ERSST contains an adjustment for this changeover – the need to an adjustment is evident and an appropriate adjustment isn’t all that easy to calculate given that there is a concurrent trend in temperature. The timing of some of the features in the ERSST record (relative to the averages of ICOADS data shown here) seem a bit odd.
The point that intrigues me though is the size of the difference between measurement types. So when one sees the warm recent values (in the period past the 1990 date to which I;ve collated ICOADS info), one wonders the degree to which the increase is due to inhomogeneous measurement methods as opposed to climatic change. (That the temperature has increased is not at issue – all that I’m observing here is that it is non-trivial allocating the increase in the sample average between changes in measurement type and climatic change.

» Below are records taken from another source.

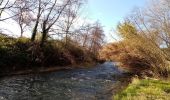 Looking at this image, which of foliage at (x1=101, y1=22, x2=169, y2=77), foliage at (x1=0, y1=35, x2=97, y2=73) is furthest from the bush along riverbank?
foliage at (x1=101, y1=22, x2=169, y2=77)

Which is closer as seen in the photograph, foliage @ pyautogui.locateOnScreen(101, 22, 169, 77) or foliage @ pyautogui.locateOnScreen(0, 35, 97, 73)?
foliage @ pyautogui.locateOnScreen(101, 22, 169, 77)

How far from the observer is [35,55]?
103ft

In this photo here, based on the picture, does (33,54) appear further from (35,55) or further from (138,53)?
(138,53)

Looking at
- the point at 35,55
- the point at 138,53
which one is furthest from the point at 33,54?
the point at 138,53

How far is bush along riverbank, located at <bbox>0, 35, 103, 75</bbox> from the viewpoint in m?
26.9

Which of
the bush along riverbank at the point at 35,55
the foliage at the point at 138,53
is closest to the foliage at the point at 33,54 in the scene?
the bush along riverbank at the point at 35,55

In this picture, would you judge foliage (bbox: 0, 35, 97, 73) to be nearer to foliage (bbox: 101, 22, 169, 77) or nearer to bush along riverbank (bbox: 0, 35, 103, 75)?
bush along riverbank (bbox: 0, 35, 103, 75)

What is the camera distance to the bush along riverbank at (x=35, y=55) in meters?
26.9

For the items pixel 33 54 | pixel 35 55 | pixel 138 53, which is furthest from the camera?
pixel 35 55

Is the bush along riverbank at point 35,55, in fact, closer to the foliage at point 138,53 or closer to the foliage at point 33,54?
the foliage at point 33,54

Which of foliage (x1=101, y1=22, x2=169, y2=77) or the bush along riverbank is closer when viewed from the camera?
foliage (x1=101, y1=22, x2=169, y2=77)

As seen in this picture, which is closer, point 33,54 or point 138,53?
point 138,53

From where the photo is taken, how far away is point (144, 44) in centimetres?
2541

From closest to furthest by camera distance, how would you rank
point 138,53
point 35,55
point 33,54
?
point 138,53, point 33,54, point 35,55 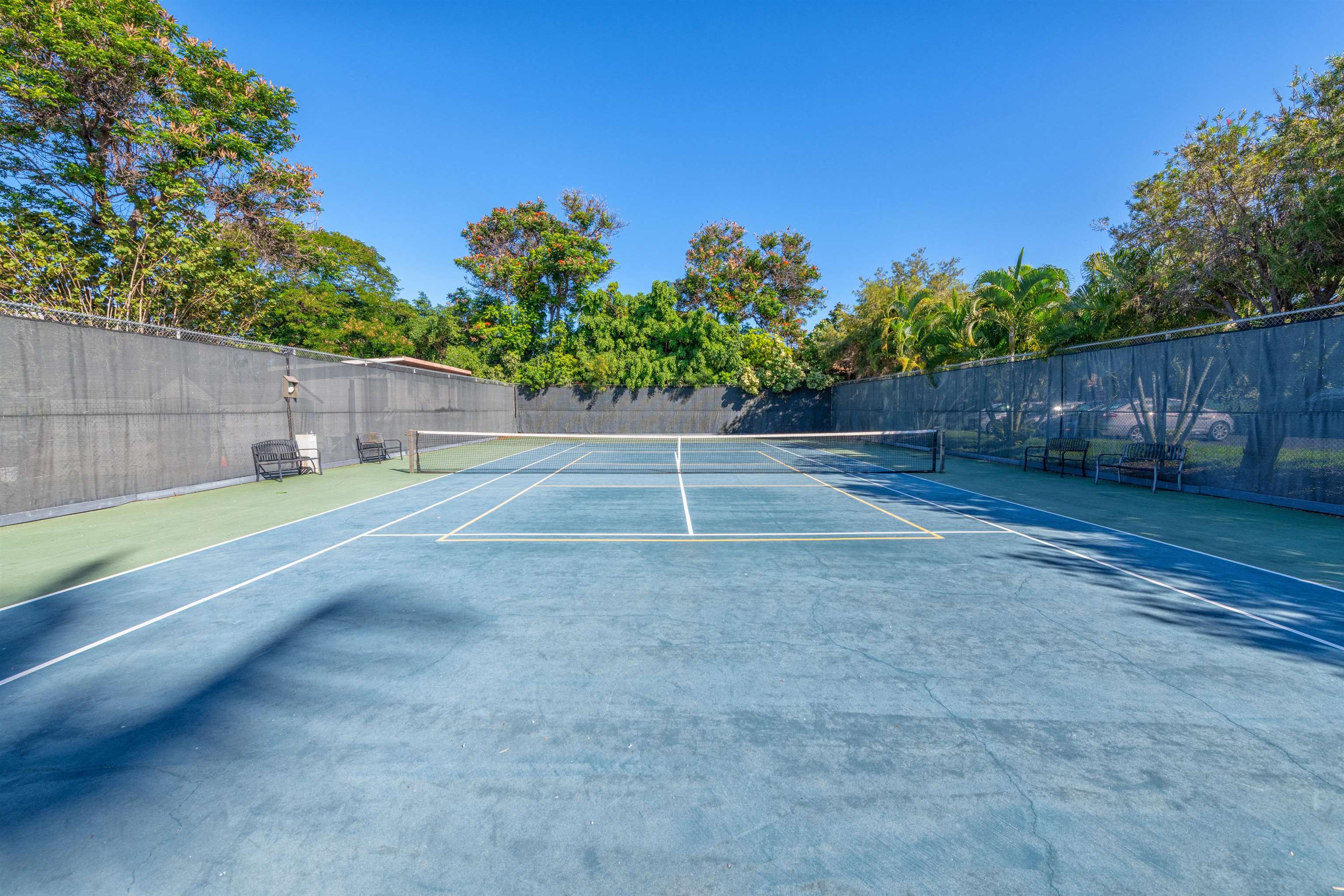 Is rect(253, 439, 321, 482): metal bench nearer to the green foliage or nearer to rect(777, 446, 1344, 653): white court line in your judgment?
the green foliage

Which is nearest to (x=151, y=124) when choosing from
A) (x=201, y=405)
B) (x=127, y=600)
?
(x=201, y=405)

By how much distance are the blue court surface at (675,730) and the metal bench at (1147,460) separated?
6.96 meters

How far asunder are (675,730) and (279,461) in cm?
1478

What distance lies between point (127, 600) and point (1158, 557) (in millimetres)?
12010

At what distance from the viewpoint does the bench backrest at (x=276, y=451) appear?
13.6m

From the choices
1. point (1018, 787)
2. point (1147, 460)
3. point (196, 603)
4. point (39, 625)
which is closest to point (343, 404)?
point (196, 603)

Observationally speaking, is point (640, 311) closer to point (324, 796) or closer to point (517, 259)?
point (517, 259)

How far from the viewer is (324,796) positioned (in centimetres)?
277

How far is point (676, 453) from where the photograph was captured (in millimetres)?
21969

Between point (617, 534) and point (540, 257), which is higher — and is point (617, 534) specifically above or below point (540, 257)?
below

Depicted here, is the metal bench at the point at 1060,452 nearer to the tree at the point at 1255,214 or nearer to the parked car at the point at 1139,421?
the parked car at the point at 1139,421

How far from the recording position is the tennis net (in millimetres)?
16266

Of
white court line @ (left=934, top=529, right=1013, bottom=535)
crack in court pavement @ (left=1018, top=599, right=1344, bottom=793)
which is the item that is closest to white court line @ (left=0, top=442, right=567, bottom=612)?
crack in court pavement @ (left=1018, top=599, right=1344, bottom=793)

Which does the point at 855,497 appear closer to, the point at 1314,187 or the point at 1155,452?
the point at 1155,452
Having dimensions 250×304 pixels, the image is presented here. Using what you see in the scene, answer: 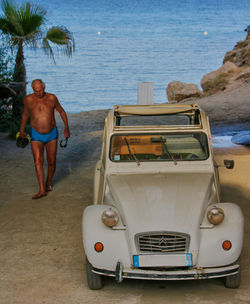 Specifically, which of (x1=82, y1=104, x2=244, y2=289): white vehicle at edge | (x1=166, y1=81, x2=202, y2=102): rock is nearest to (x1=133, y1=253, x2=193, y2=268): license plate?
(x1=82, y1=104, x2=244, y2=289): white vehicle at edge

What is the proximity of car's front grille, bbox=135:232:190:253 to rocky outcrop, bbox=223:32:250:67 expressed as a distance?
95.6 feet

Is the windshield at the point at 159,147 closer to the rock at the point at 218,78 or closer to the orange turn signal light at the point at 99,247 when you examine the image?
the orange turn signal light at the point at 99,247

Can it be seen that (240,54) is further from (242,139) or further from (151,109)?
(151,109)

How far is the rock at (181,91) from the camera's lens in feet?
99.7

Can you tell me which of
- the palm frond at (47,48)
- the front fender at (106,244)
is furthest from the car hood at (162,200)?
the palm frond at (47,48)

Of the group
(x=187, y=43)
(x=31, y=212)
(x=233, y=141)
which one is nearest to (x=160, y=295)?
(x=31, y=212)

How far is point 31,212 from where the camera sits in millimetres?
7324

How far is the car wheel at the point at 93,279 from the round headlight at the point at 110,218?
42 centimetres

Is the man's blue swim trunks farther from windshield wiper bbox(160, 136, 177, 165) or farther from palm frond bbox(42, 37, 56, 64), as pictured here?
palm frond bbox(42, 37, 56, 64)

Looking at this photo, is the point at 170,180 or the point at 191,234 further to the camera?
the point at 170,180

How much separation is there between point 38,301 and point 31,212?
302 cm

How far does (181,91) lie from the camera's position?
3070cm

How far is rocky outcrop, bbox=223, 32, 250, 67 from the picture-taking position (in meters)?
32.3

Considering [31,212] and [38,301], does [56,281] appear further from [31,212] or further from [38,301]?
[31,212] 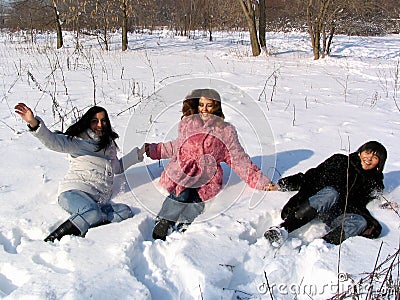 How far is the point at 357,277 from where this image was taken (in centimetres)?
171

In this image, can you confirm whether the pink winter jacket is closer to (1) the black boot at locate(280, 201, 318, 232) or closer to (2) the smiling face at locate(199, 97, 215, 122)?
(2) the smiling face at locate(199, 97, 215, 122)

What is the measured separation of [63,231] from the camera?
2.03 meters

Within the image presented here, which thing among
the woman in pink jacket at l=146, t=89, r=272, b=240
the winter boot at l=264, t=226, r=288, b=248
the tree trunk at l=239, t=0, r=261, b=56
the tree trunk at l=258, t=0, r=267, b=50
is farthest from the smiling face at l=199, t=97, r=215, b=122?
the tree trunk at l=258, t=0, r=267, b=50

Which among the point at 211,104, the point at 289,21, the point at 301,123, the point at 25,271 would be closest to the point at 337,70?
the point at 301,123

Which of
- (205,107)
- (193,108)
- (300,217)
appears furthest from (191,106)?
(300,217)

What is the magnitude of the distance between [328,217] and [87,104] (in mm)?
3318

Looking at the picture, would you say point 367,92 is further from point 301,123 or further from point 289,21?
point 289,21

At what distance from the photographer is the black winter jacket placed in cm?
233

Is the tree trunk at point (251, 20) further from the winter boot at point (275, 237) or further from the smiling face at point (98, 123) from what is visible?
the winter boot at point (275, 237)

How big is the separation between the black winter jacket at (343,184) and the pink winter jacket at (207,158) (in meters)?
0.31

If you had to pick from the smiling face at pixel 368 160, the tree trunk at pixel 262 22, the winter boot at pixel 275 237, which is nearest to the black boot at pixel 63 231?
the winter boot at pixel 275 237

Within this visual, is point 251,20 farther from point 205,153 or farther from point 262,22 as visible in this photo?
point 205,153

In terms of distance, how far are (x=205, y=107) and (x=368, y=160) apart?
3.75 ft

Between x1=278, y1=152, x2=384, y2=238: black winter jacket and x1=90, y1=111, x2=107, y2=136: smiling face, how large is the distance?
52.6 inches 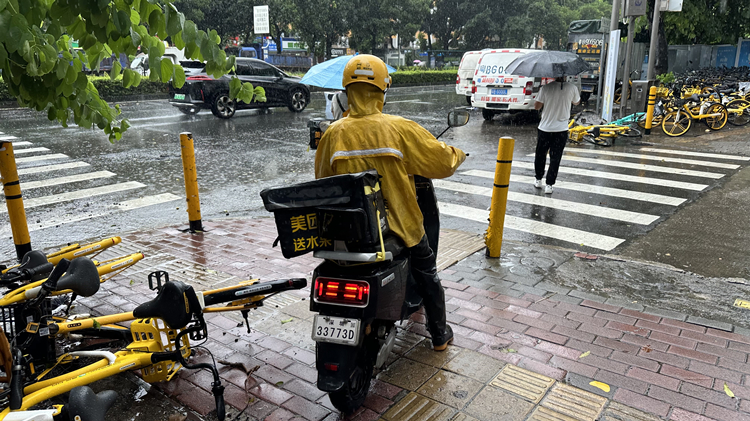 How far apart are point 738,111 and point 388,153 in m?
15.1

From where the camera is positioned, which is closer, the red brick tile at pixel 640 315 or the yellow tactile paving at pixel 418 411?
the yellow tactile paving at pixel 418 411

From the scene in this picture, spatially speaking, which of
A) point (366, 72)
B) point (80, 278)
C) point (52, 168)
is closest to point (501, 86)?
point (52, 168)

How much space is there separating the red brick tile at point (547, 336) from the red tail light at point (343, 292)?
1.60 metres

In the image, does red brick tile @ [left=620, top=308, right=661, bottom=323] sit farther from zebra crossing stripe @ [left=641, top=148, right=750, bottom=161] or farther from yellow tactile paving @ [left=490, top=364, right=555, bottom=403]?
zebra crossing stripe @ [left=641, top=148, right=750, bottom=161]

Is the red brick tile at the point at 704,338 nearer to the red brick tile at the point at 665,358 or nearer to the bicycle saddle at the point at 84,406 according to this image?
the red brick tile at the point at 665,358

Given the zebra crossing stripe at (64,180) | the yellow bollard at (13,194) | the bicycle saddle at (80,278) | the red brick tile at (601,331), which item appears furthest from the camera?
the zebra crossing stripe at (64,180)

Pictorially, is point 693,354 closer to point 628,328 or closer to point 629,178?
point 628,328

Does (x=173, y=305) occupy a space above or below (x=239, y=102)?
below

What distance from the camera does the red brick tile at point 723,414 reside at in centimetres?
296

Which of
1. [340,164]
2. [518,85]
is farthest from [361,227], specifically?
[518,85]

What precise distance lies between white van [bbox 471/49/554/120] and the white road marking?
400 inches

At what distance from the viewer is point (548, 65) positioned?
796 centimetres

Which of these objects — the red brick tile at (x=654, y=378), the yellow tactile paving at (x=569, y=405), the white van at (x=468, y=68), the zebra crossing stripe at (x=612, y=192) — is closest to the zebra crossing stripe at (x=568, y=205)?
the zebra crossing stripe at (x=612, y=192)

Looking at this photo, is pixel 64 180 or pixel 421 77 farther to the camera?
pixel 421 77
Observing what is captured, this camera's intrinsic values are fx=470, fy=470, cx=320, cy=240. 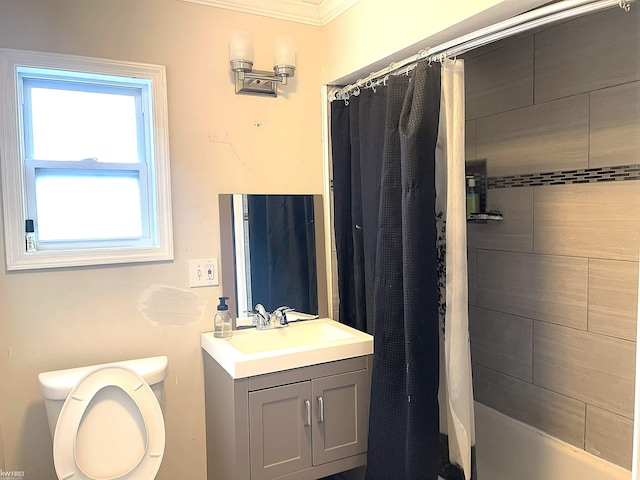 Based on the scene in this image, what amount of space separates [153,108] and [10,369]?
125 cm

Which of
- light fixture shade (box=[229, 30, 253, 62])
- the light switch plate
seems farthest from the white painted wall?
the light switch plate

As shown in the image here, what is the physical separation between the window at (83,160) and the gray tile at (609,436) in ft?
6.78

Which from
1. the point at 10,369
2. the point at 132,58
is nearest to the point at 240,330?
the point at 10,369

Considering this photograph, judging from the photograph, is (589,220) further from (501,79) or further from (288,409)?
(288,409)

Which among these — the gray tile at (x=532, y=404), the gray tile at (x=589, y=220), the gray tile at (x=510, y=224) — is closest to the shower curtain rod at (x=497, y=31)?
the gray tile at (x=589, y=220)

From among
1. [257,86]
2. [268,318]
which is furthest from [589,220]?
[257,86]

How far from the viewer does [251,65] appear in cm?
222

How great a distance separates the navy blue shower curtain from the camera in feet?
5.80

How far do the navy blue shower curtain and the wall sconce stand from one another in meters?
0.49

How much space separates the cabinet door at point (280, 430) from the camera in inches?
73.7

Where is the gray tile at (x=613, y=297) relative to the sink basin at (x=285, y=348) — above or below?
above

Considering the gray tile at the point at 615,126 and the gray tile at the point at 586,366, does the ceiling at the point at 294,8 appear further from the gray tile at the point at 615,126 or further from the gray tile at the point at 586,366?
the gray tile at the point at 586,366

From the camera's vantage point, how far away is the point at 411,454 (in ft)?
5.89

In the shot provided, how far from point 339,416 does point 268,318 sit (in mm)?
576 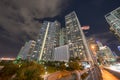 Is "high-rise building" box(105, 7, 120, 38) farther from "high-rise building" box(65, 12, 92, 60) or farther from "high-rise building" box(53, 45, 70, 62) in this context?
"high-rise building" box(53, 45, 70, 62)

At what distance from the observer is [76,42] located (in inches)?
4060

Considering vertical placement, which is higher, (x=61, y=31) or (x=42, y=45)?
(x=61, y=31)

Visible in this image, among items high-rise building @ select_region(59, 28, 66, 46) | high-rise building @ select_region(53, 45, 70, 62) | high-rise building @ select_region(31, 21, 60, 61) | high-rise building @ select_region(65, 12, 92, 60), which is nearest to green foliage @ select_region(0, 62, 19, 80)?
high-rise building @ select_region(65, 12, 92, 60)

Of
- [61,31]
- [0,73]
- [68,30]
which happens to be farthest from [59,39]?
[0,73]

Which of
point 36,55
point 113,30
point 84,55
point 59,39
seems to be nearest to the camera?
point 113,30

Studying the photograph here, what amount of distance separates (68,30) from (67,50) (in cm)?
3178

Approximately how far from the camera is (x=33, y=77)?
47.0 ft

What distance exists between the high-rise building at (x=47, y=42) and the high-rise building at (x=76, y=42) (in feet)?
82.4

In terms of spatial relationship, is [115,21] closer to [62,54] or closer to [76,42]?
[76,42]

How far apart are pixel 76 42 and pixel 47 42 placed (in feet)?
138

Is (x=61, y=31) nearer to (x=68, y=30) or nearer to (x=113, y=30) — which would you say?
(x=68, y=30)

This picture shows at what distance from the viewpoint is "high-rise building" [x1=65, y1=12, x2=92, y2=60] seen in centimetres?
9156

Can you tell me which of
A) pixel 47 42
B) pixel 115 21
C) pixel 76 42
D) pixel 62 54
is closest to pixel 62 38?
pixel 47 42

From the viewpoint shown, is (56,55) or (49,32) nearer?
(56,55) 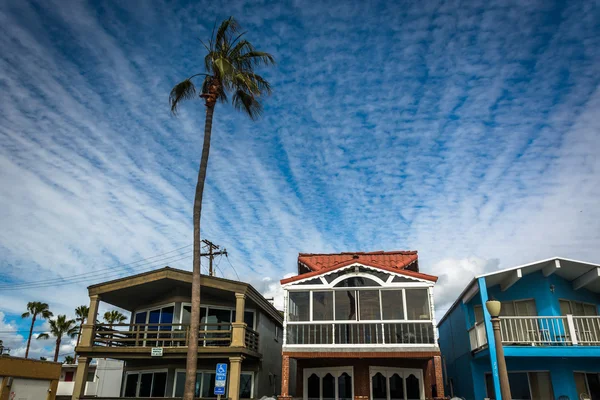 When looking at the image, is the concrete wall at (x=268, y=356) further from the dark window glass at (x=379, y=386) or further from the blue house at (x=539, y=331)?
the blue house at (x=539, y=331)

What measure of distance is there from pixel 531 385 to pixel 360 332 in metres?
6.96

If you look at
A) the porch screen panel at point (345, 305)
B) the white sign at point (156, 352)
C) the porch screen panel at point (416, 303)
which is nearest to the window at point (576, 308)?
the porch screen panel at point (416, 303)

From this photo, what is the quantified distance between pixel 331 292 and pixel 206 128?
29.3ft

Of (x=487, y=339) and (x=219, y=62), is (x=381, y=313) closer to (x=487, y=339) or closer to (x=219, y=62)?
(x=487, y=339)

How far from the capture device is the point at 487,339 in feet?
57.6

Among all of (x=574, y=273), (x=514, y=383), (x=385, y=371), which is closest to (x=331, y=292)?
(x=385, y=371)

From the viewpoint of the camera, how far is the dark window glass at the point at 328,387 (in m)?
21.7

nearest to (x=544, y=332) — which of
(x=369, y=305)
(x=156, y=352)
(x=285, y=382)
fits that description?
(x=369, y=305)

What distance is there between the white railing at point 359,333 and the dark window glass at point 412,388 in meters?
3.05

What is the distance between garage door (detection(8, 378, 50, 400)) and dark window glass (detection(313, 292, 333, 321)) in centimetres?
1448

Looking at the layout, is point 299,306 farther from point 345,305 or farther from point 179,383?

Under such circumstances, it would be nice to consult the land record on the island to see if it can assist. Here’s a comparison of ERSST3 to CRUTEM for this gridcell (also compared on an earlier occasion). As readers are well aware, Phil Jones and CRU have supposedly “proven” one more time that there isn’t any material UHI impact on CRU records, though the non-existence of UHI is not totally evident in this graphic.
Maybe, like Mann’s birstlecones, Honolulu airport is a “sweet spot” for detecting climate change🙂
I’ll re-visit this topic in a few months, but this is it for now.